══ Source data ══
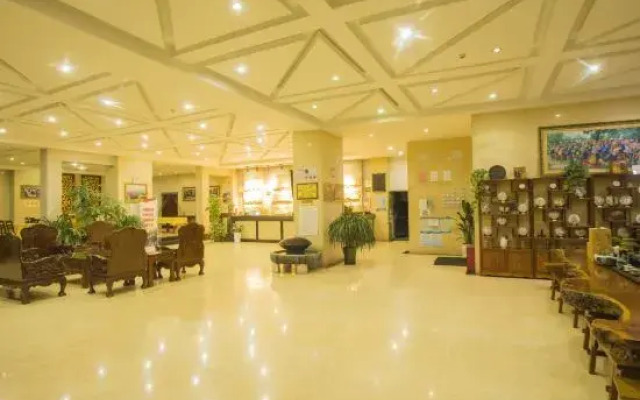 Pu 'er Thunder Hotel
═══
══ Source data ══
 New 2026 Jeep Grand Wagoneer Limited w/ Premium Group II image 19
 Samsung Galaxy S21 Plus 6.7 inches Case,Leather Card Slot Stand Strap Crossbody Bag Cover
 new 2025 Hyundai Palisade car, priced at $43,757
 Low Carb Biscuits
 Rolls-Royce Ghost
═══
Prompt -> Working from the material above, retype exactly the lines from the one with "New 2026 Jeep" through the one with "Rolls-Royce Ghost", both included, and only those lines.

Written answer ->
 New 2026 Jeep Grand Wagoneer Limited w/ Premium Group II image 19
 Samsung Galaxy S21 Plus 6.7 inches Case,Leather Card Slot Stand Strap Crossbody Bag Cover
 new 2025 Hyundai Palisade car, priced at $43,757
 Low Carb Biscuits
 Rolls-Royce Ghost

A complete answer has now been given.